No need....doubt there are too many other smart asses like me in this forum.

SuperG


----------



## BoTaBe (May 2, 2013)

I personally wouldn't worry if you're doing the weaves only during training.
My 15 months old also did the weaves! 
We started practicing with the channel when he was about 12.5 months old and closed the channel when he was approx. 14/14.5. months old.
So once a week should be totally fine!


----------



## slade (Jan 14, 2008)

Thank you for sharing your experience- so now I won't feel guilty while we are having so much fun! 




BoTaBe said:


> I personally wouldn't worry if you're doing the weaves only during training.
> My 15 months old also did the weaves!
> We started practicing with the channel when he was about 12.5 months old and closed the channel when he was approx. 14/14.5. months old.
> So once a week should be totally fine!


----------



## shepherdmom (Dec 24, 2011)

slade said:


> I was just reading the thread on agility for an 18 week old and I'm wondering how many here teach weave poles to a 15 month old?
> 
> Thanks!


I'm glad to see this message... From the title I was wondering why the heck anyone would do a hair weave on a GSD.


----------



## slade (Jan 14, 2008)

Someone else said the same thing on this thread!  Wonder how I can change the title?



shepherdmom said:


> I'm glad to see this message... From the title I was wondering why the heck anyone would do a hair weave on a GSD.


----------



## TwoBigEars (May 11, 2013)

I wouldn't bother changing the title. In an agility forum, it should be expected that "weave" is referring to the agility obstacle.


----------



## slade (Jan 14, 2008)

I think those who read that title in the Active Topics do not know that it's referring to agility!



TwoBigEars said:


> I wouldn't bother changing the title. In an agility forum, it should be expected that "weave" is referring to the agility obstacle.


----------



## shepherdmom (Dec 24, 2011)

TwoBigEars said:


> I wouldn't bother changing the title. In an agility forum, it should be expected that "weave" is referring to the agility obstacle.

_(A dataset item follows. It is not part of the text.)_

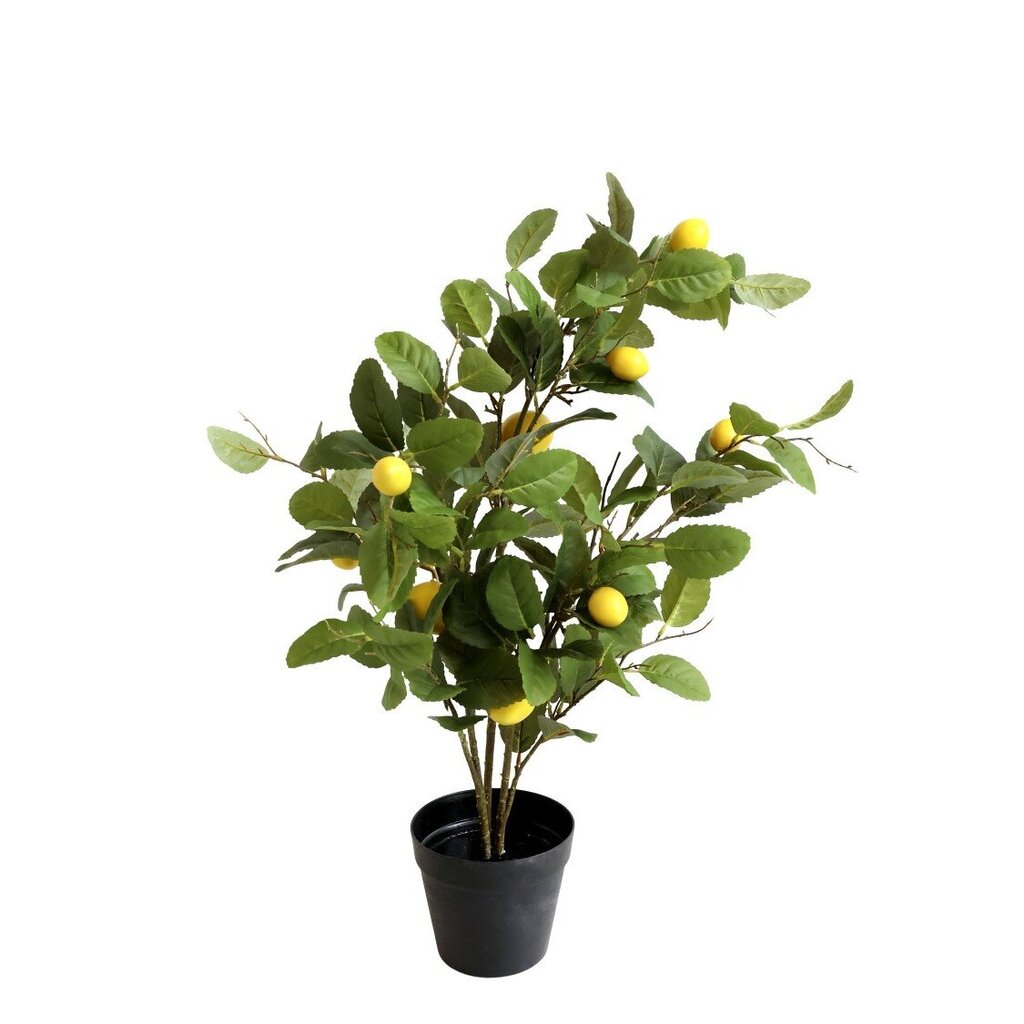 Fleur Zitronenbaum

If you are using pet guide on your phone it doesn't show you which forum you are in. 


Sent from Petguide.com Free App


----------



## Melissa98409 (Jun 17, 2013)

I am currently teaching my 13 month old GSD agility. SO MUCH FUN! Weaves seem to be every dogs achilles heel. My trainer has a great way to teach the weaves. She starts by breaking the poles down in to two pole sections and teaches the enterances first. Then she adds two poles at a time buy kind of separates them and puts them at an angle so that it looks like a straight opening to the dog and then gradually closes the gap between the poles until they are in a straight line. It has worked fantastic for my guy.


----------